Exercise requirements:
Below are entries to reproduce exactly, apart from their pictures.

Information supplied:
• • • •

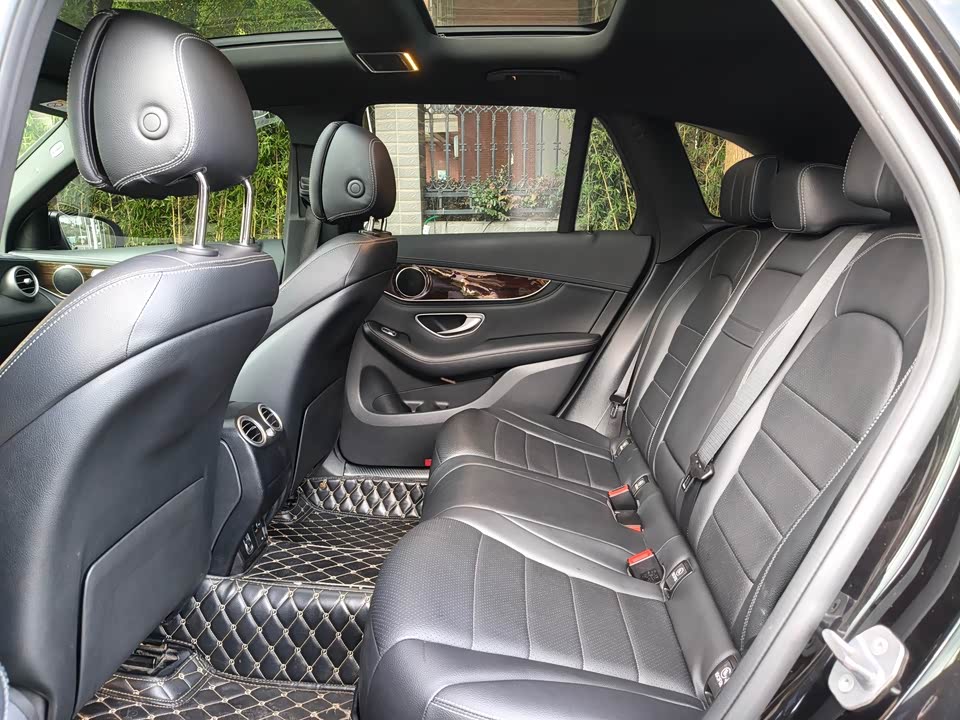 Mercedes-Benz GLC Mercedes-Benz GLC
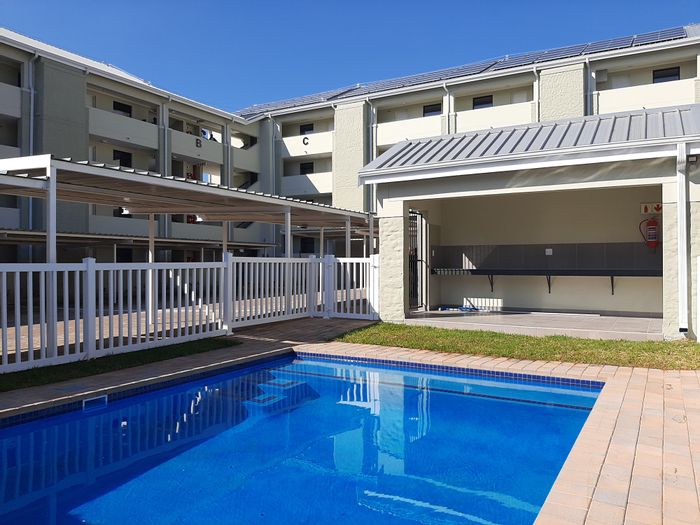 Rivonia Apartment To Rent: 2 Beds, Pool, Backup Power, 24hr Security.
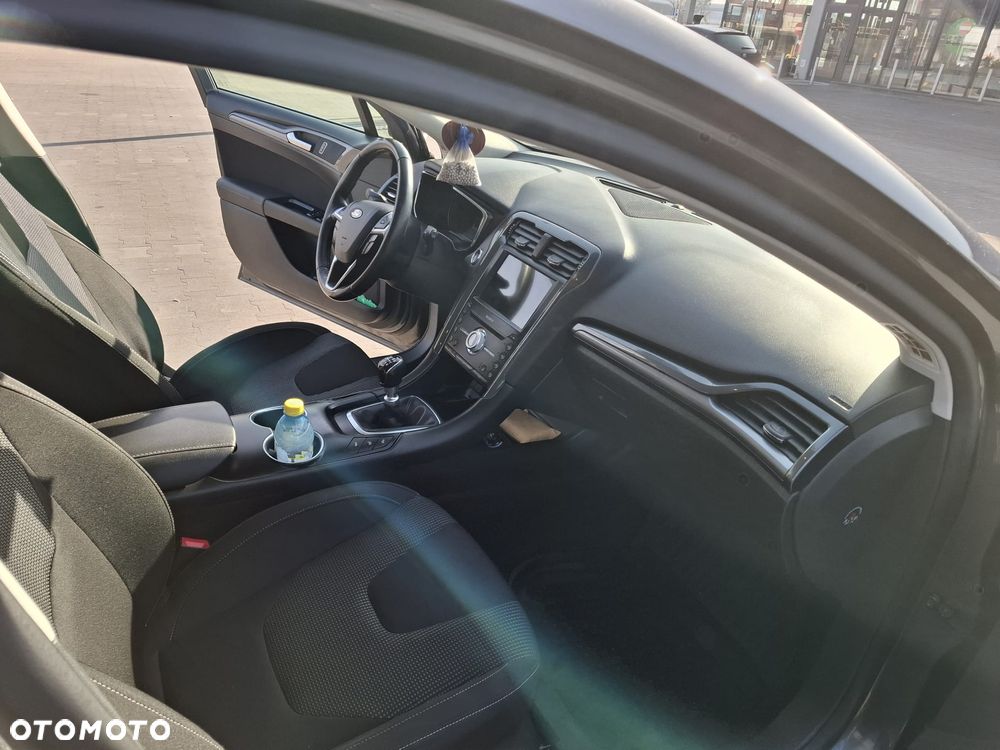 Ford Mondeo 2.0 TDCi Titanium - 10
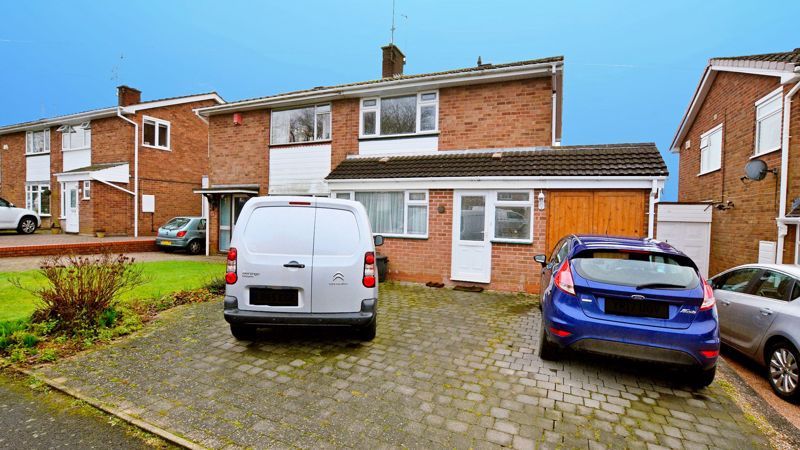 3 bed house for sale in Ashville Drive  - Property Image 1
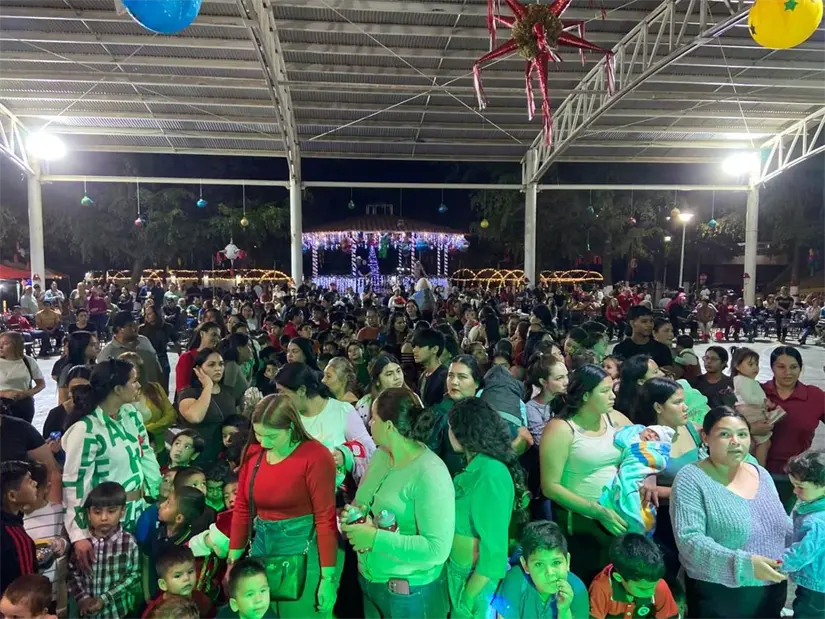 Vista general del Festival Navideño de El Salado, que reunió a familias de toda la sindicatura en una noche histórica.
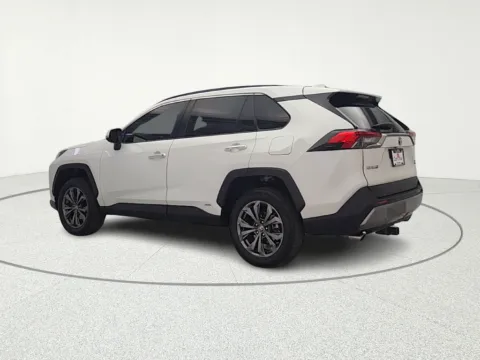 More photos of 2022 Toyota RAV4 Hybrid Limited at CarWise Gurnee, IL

• • • •

Solution below:
 Mercedes-Benz GLC Mercedes-Benz GLC
 Rivonia Apartment To Rent: 2 Beds, Pool, Backup Power, 24hr Security.
 Ford Mondeo 2.0 TDCi Titanium - 10
 3 bed house for sale in Ashville Drive  - Property Image 1
 Vista general del Festival Navideño de El Salado, que reunió a familias de toda la sindicatura en una noche histórica.
 More photos of 2022 Toyota RAV4 Hybrid Limited at CarWise Gurnee, IL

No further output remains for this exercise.